Based on the above implementation environment, the embodiment of the present application provides a user data processing method, taking a flowchart of the user data processing method provided in the embodiment of the present application shown in fig. 2 as an example, where the method may be executed by the server 101 in fig. 1. As shown in fig. 2, the method comprises the steps of:

in step 201, feature data of at least one object to be identified is acquired, the feature data comprising at least one of environmental data, registration data, device data and historical behavior data of the object to be identified.

In this embodiment of the present application, the server and the electronic device are in communication connection through a wired network or a wireless network, where the electronic device may send an identification request of an object to be identified to the server, where the identification request carries an object identifier of the object to be identified, where the object identifier may be a number or an account number of the object to be identified, so long as the object identifier may correspond to one object to be identified, and this embodiment of the present application does not limit the object identifier.

In one possible implementation manner, the storage space of the server stores object identifiers of all objects to be identified and corresponding user data, and when the server receives an identification request sent by the electronic device, the server analyzes the identification request to obtain the object identifiers of the objects to be identified carried in the identification request. And acquiring the user data of the object to be identified in the storage space of the server based on the object identification of the object to be identified.

In one possible implementation, the storage space of the server may store the user data of the object to be identified, and the server divides the storage space into a target number of first storage spaces, each for storing the user data of one object to be identified. For example, the server divides the storage space into five first storage spaces, the first storage space is used for storing user data corresponding to the object to be identified, the second first storage space is used for storing user data corresponding to the object to be identified, the third first storage space is used for storing user data corresponding to the object to be identified, the fourth first storage space is used for storing user data corresponding to the object to be identified, and the fifth first storage space is used for storing user data corresponding to the object to be identified.

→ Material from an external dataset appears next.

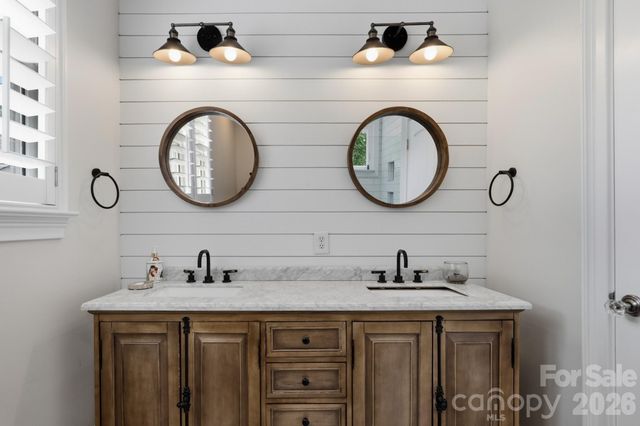 2013 Chesterfield Avenue, Charlotte, NC 28205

In one possible implementation manner, after the server obtains the user data of the object to be identified, the feature data of the object to be identified is extracted from the user data of the object to be identified. The characteristic data of the object to be identified includes at least one of environmental data, registration data, device data, and historical behavior data of the object to be identified. The environment data comprises at least one of IP address and geographic position data of the object to be identified, the registration data comprises personal information filled in the object to be identified when registering, and the personal information comprises, but is not limited to, information such as name, telephone number, identification card number and the like of the object to be identified. The device data includes a device type used by the object to be identified. The historical behavior data comprises historical browsing, purchasing, commenting and other behaviors of the object to be identified.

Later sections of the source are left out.